Por isso foi impressionante ouvir um repórter da CBN que chegou estes dias em Pequim, dizendo que, mesmo vivendo em uma cidade tão poluída como São Paulo, notou uma diferença brutal em relação ao ar que se respira em Pequim. Ou seja, lá sim, o ar deve ser puro veneno...
Na Folha de hoje:

Aquecimento ataca sapos e recifes latino-americanos

DA REUTERS

Um continente atormentado por mosquitos, doenças, zonas costeiras frágeis e cada vez menos peixes. Assim as mudanças climáticas afetarão a vida humana, caso as populações de anfíbios e os recifes de coral na América Latina e no Caribe continuem a ser afetadas.

Esses dois são os grupos que mais drasticamente sofrem com a alteração do clima, segundo a ONG CI (Conservação Internacional). "Muitas espécies já foram afetadas pelas atividades humanas ou por doenças, mas para essas [recifes e anfíbios] as alterações climáticas têm sido o prego no caixão", afirma Robin Moore, especialista em anfíbios do IC.

De acordo com ele, no caso do sapo-arlequim, com 110 espécies conhecidas, pode-se dizer que apenas 10 têm populações estáveis neste momento. A situação mais grave é a dos animais que vivem nos Andes. Com o aumento da temperatura e o derretimento dos glaciares, eles sobem montanhas, com mais de 5.000 metros, transportando doenças.
Se as coisas continuarem como estão, 90% dos sapos poderão ser extintos em três décadas, acrescentou. Como os anfíbios comem mosquitos, isso se traduz em mais insetos e pragas para afetar as colheitas, bem como cada vez mais animais mortos ou doentes, contaminando a água.

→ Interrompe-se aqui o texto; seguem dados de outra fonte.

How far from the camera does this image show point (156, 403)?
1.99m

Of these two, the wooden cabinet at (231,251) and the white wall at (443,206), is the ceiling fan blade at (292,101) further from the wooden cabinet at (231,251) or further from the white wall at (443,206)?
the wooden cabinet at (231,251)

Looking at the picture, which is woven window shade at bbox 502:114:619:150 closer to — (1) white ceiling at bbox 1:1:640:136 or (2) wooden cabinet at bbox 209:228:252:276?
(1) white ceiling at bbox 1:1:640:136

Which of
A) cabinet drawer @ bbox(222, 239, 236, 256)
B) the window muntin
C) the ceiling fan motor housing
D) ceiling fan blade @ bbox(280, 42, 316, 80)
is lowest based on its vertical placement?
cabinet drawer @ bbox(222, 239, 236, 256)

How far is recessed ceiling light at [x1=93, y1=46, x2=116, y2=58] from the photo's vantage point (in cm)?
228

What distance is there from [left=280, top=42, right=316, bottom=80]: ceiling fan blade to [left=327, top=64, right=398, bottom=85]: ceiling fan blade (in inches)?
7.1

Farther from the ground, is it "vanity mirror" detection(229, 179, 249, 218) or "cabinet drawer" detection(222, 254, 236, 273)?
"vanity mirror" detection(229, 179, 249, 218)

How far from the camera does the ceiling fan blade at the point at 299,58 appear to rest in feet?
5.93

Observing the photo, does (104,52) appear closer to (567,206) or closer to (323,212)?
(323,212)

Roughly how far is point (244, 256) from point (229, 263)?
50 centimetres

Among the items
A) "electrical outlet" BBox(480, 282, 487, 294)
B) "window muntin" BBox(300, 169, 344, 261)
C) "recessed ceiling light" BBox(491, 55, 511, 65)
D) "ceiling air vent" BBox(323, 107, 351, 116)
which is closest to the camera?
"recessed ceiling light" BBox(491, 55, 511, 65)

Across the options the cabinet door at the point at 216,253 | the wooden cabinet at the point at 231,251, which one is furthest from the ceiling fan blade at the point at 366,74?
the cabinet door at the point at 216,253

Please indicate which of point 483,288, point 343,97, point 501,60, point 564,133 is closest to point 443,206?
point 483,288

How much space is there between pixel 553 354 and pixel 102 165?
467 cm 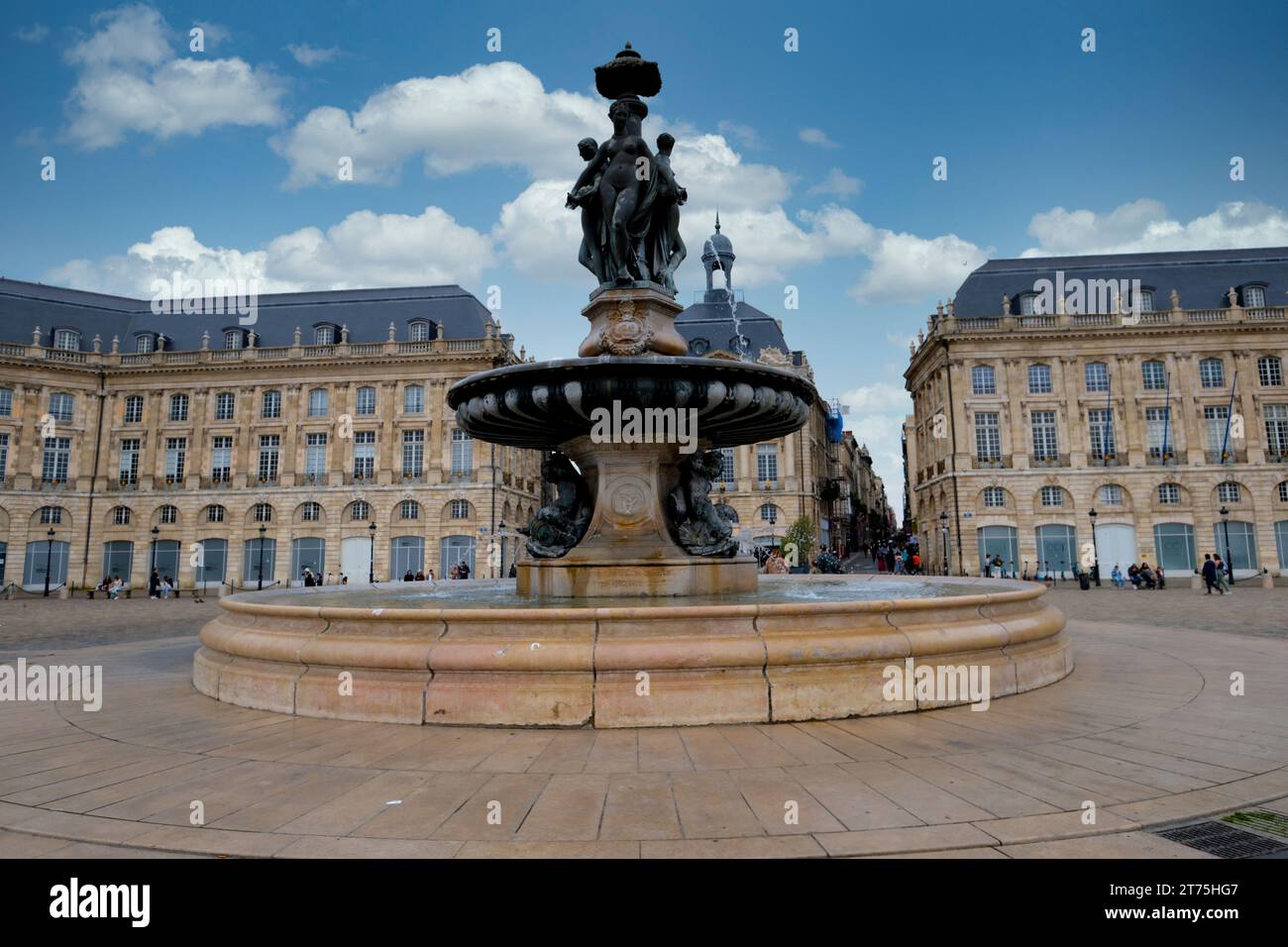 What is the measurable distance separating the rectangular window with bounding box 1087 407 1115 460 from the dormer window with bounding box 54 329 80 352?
62.1 metres

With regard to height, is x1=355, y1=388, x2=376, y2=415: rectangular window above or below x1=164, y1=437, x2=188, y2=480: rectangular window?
above

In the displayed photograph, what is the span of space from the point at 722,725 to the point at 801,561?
132ft

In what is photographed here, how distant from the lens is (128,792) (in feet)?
12.4

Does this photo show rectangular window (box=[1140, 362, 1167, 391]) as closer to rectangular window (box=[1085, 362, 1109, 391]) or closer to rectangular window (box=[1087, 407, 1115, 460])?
rectangular window (box=[1085, 362, 1109, 391])

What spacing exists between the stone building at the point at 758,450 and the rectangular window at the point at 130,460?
35133mm

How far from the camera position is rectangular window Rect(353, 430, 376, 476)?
1829 inches

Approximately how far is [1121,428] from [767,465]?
2033 centimetres

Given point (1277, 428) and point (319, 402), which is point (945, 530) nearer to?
point (1277, 428)

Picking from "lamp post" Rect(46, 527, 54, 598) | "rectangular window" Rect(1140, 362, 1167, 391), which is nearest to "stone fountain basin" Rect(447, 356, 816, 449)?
"rectangular window" Rect(1140, 362, 1167, 391)

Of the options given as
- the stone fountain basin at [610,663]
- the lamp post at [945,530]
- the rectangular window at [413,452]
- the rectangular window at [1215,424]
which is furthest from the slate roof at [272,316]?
the stone fountain basin at [610,663]

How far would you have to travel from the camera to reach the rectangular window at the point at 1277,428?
4284cm

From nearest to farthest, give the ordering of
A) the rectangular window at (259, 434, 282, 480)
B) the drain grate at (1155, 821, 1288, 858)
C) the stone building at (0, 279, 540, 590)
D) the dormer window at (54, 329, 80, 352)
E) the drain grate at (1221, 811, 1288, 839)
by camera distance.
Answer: the drain grate at (1155, 821, 1288, 858)
the drain grate at (1221, 811, 1288, 839)
the stone building at (0, 279, 540, 590)
the rectangular window at (259, 434, 282, 480)
the dormer window at (54, 329, 80, 352)

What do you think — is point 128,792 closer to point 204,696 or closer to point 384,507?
point 204,696

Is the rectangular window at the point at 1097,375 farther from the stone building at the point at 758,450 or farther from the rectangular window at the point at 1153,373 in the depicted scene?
the stone building at the point at 758,450
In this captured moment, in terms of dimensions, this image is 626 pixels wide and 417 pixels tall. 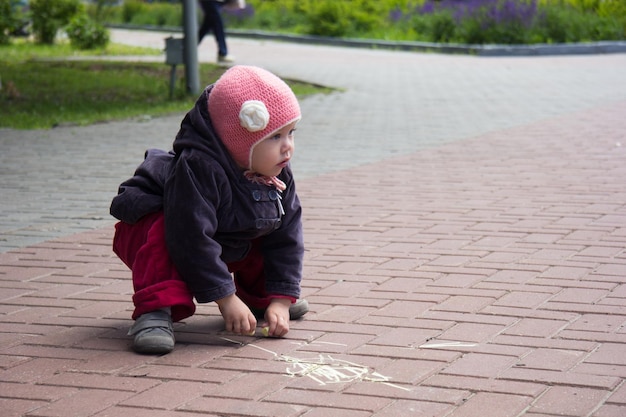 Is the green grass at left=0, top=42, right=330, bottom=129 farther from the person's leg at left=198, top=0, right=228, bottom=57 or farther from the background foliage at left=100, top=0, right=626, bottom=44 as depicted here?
the background foliage at left=100, top=0, right=626, bottom=44

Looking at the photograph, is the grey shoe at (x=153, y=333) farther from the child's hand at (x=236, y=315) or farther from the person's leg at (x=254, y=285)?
the person's leg at (x=254, y=285)

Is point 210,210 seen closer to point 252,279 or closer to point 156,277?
point 156,277

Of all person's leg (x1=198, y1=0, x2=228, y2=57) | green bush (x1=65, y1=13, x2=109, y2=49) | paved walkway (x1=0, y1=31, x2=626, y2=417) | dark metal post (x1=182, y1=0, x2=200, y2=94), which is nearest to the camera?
paved walkway (x1=0, y1=31, x2=626, y2=417)

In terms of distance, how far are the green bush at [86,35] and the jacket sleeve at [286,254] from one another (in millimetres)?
16570

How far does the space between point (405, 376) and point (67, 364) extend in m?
1.10

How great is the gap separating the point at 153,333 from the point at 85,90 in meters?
9.46

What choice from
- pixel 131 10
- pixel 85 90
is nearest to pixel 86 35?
pixel 85 90

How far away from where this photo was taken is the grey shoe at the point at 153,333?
359 centimetres

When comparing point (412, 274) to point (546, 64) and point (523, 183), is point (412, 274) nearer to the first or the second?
point (523, 183)

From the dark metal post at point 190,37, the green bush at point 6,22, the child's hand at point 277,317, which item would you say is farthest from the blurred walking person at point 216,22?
the child's hand at point 277,317

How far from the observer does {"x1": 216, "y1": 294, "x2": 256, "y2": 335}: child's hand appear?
12.2ft

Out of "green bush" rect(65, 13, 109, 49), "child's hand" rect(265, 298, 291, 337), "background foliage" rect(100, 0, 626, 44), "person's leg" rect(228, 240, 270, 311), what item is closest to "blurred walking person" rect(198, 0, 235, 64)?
"green bush" rect(65, 13, 109, 49)

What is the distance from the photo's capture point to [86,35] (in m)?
19.7

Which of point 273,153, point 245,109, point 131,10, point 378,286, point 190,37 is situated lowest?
point 131,10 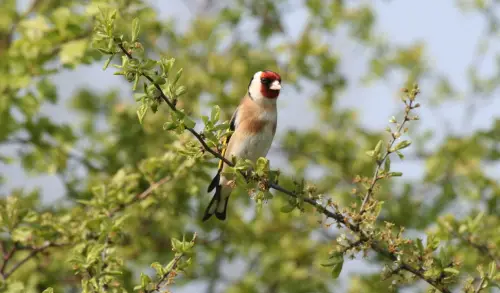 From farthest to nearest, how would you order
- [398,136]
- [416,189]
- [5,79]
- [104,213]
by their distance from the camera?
[416,189] → [5,79] → [104,213] → [398,136]

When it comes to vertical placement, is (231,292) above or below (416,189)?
below

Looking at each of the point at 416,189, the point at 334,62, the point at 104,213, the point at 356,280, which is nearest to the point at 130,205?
the point at 104,213

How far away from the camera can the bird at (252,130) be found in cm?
441

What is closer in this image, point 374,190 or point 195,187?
point 374,190

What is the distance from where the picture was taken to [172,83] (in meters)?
2.77

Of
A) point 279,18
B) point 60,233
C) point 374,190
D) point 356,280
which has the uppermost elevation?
point 279,18

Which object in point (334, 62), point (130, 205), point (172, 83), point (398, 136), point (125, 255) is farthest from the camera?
point (334, 62)

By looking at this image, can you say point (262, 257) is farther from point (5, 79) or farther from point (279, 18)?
point (5, 79)

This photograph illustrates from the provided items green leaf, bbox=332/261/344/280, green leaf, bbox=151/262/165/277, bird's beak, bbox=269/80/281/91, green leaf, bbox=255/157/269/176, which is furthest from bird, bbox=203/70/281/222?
green leaf, bbox=151/262/165/277

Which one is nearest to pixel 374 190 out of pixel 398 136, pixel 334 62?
pixel 398 136

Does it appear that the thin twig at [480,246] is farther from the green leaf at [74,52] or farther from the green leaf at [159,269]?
the green leaf at [74,52]

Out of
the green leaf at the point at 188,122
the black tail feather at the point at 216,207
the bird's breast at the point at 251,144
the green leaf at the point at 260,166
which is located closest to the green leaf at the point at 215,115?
the green leaf at the point at 188,122

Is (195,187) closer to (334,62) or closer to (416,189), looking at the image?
(334,62)

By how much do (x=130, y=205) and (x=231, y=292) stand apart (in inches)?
128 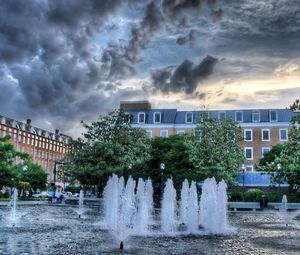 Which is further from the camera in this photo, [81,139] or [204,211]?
[81,139]

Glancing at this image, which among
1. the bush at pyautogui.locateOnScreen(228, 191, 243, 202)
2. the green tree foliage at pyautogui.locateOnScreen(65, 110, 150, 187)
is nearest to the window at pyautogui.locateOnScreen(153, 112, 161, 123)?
the green tree foliage at pyautogui.locateOnScreen(65, 110, 150, 187)

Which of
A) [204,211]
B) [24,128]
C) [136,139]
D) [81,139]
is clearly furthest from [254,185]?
[24,128]

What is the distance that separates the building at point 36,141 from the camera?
105m

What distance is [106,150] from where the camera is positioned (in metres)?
44.2

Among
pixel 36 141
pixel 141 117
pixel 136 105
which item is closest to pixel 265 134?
pixel 141 117

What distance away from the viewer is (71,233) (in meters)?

Os recifes de corais, principalmente no Caribe e na área tropical do Pacífico, são afetados por sedimentos provenientes do continente e, também, pelas águas mais quentes do mar. Como cumprem o papel de "casas" de animais marinhos, menos recifes significam uma menor quantidade de peixe para consumo humano e zonas costeiras menos protegidos contra tempestades e ondas.

"Toda a costa será afetada", diz Sebastian Troeng, diretor de Marinha Estratégica no IC.